Digital security specialists have found hidden backdoors within Auerswald VoIP systems. Made in Germany, these systems are intended to provide a secure means of engaging in voice calls. The hidden backdoors have the potential to be abused to provide criminals with access to VoIP devices.
How Were the Backdoors Discovered?
RedTeam Pentesting states it found the backdoors after performing a deeper dive into Auerswald services for regaining access to administrator accounts. The password tied to the privileged account is reset with an outreach to the manufacturer. The problem is that digital miscreants merely need the password for the Schandelah username to gain access to the PBX serial number. The serial number can be obtained, using an unauthenticated endpoint, setting the stage for the digital criminal to obtain access to an online interface.
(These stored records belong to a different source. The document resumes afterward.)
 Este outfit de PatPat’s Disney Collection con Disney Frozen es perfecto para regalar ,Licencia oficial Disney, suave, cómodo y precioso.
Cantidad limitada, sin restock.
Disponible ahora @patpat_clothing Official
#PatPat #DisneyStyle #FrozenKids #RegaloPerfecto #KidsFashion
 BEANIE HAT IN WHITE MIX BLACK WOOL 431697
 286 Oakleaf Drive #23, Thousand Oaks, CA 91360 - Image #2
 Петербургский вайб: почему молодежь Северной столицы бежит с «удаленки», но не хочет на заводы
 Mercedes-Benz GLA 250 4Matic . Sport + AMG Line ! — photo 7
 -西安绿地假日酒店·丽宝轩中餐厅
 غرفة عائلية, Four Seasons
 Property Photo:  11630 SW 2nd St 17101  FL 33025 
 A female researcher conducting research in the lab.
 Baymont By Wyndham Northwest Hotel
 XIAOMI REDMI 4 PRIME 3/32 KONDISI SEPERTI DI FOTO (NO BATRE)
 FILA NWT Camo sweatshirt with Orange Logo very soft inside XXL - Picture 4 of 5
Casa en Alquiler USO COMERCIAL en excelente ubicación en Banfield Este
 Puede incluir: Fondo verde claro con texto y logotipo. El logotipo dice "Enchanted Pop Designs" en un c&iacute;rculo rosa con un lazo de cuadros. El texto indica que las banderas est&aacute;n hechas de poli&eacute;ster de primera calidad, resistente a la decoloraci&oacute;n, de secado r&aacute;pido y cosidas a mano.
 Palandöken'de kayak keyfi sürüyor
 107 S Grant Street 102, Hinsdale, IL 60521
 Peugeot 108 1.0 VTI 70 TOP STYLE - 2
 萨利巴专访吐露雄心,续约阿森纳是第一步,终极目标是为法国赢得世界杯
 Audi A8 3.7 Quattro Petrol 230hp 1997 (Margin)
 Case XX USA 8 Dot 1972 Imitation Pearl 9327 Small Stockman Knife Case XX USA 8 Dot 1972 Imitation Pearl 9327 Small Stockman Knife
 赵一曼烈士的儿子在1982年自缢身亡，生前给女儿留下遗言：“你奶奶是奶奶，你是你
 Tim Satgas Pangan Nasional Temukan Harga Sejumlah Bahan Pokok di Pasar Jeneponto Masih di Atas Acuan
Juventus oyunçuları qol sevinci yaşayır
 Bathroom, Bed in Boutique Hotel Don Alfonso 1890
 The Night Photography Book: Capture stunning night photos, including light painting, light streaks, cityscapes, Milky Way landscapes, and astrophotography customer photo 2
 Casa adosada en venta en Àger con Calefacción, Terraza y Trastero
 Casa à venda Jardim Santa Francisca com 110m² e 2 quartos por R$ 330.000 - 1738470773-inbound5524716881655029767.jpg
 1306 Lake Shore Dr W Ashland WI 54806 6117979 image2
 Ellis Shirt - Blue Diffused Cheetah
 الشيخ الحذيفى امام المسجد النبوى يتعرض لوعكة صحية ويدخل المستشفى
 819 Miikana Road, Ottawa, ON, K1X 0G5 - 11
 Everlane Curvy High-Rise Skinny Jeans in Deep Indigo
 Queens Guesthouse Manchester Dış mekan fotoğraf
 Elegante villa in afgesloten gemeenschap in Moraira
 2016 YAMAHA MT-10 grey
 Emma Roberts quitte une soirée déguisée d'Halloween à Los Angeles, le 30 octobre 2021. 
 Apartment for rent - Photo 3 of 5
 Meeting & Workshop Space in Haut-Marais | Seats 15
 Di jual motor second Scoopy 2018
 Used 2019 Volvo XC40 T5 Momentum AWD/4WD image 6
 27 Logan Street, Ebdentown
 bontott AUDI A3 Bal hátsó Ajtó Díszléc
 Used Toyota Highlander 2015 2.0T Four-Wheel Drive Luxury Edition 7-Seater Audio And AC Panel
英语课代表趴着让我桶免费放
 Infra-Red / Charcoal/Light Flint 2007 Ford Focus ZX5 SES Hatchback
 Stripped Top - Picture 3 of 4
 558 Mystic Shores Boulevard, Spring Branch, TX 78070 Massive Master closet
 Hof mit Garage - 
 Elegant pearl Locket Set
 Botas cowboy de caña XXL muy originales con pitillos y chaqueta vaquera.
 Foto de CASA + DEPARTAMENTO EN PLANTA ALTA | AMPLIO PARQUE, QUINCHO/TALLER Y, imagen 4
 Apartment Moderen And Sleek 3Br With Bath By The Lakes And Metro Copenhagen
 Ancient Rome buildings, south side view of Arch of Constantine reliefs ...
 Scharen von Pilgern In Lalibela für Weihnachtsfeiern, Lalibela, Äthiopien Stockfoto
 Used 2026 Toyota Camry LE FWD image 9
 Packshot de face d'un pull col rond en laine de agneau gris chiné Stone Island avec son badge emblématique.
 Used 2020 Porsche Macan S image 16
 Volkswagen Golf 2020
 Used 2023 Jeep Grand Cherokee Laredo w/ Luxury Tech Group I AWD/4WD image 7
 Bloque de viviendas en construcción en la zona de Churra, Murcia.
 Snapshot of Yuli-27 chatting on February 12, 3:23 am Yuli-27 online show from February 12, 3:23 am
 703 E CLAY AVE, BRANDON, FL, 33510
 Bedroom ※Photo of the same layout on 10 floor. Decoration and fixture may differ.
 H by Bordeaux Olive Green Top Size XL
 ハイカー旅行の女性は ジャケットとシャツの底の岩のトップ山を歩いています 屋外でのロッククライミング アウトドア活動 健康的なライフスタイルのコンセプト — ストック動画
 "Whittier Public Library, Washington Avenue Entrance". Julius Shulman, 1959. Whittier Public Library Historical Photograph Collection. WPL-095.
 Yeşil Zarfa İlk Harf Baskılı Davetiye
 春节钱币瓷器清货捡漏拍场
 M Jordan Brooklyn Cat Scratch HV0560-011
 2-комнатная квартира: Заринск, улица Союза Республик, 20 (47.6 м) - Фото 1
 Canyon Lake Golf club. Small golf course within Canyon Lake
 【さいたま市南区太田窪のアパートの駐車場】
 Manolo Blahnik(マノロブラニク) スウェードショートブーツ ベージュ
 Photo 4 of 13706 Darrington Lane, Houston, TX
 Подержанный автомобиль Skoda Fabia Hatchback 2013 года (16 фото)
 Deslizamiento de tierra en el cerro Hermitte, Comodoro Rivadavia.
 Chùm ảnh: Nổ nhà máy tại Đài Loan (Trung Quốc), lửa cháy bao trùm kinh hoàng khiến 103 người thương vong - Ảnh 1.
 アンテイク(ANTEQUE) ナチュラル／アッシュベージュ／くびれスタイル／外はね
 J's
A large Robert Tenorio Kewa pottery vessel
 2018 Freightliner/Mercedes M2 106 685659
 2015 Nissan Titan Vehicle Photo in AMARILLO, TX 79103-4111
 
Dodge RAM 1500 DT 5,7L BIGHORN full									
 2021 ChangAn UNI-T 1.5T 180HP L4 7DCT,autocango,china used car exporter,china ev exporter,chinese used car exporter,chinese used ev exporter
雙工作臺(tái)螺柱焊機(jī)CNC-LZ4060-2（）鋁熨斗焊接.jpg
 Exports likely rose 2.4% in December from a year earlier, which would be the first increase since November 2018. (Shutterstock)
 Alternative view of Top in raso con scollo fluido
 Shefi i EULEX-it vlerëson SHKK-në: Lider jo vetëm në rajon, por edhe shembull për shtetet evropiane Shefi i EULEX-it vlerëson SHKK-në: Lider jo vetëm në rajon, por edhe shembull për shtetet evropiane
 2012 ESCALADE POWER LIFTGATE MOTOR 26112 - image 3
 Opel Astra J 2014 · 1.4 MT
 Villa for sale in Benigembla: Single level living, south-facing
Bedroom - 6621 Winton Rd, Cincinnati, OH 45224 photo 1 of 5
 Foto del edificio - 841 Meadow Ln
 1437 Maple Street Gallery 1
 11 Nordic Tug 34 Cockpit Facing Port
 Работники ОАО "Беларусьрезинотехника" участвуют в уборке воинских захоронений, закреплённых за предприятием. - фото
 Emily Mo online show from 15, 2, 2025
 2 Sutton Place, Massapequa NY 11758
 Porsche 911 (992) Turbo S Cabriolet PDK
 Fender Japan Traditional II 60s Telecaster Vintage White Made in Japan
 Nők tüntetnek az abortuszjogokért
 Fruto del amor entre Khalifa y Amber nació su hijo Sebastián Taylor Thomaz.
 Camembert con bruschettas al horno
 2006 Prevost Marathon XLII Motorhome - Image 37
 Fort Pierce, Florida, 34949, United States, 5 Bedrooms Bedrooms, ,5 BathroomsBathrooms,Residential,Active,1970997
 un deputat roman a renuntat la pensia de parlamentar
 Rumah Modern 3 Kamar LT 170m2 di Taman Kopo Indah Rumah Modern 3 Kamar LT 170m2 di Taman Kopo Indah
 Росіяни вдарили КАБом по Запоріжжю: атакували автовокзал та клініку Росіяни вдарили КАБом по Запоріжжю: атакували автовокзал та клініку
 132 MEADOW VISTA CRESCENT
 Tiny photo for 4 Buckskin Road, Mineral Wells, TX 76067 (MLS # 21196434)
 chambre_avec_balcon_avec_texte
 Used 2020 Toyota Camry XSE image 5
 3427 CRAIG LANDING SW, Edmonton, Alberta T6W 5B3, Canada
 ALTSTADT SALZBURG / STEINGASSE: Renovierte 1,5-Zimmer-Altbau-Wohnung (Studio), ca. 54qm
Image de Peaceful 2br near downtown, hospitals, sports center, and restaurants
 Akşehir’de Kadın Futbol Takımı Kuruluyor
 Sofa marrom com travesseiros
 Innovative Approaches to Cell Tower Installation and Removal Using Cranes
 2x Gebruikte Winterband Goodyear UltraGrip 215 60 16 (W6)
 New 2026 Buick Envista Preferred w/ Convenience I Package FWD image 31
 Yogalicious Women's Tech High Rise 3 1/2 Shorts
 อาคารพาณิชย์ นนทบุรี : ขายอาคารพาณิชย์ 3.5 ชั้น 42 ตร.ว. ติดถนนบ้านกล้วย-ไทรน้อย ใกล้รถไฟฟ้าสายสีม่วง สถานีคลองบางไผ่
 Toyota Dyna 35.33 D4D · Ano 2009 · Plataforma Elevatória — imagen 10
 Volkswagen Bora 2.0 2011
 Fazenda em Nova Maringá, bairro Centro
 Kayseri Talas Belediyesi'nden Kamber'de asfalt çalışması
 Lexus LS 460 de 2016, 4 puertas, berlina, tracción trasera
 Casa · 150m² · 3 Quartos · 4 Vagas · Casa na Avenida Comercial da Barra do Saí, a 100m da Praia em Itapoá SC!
The administrator password is reset after the interface is accessed. The backdoor allows hackers to tap into the PBX with unrestrained access. The end result is a full compromising of the VoIP device.
The RedTeam Pentesting team also pinpointed another backdoor accessible with the “admin” username. A fallback password is used with an algorithm, yet there is no need to alter the password to obtain complete PBX access.
Why are the Backdoors a Problem?
The Auerswald VoIP backdoors are an issue as digital security professionals cannot disable them. One of the backdoors allows access to the “admin” user with the highest possible privileges. The second backdoor password is applicable to a secret unnamed user referred to with the pseudonym of Schandelah. The vulnerability is referred to as CVE-2021-40859. This vulnerability has a 9.8 critical severity rating.
What Else is Known About Schandelah?
The researchers who analyzed the VoIP secret backdoors found these web-based devices for voice interaction were configured to find the Schandelah username. This is a hard-coded username. The devices searched for Schandelah in addition to sub-admin, which the account requires for device management.
Schandelah might ring a bell with those who’ve traveled to Germany as it is the name of a small village in the northern part of the country. Schandelah is the town where Auerswald manufactures its VoIP devices.
What Role Does PBX Play in the VoIP Backdoors?
PBX is an acronym that stands for private branch exchange. This switching system creates and manages voice calls between endpoints within telecommunication systems. PBX is a component of customary phone sets, devices on VoIP networks, and public phone networks. RedTeam Pentesting found the password for the Schandelah moniker is obtained by concatenating the serial number of the PBX along with the day’s date, an “r2d2” string, and the MD5 hash algorithm.
What is Auerswald’s Response?
Auerswald addressed the secret backdoors with an update to its firmware, dubbed version 8.2B. This firmware was issued in November of ’21. The update provides security updates for users to apply even if they do not use the specialized features. It is worth noting Auerswald’s statement did not directly reference the hidden backdoors.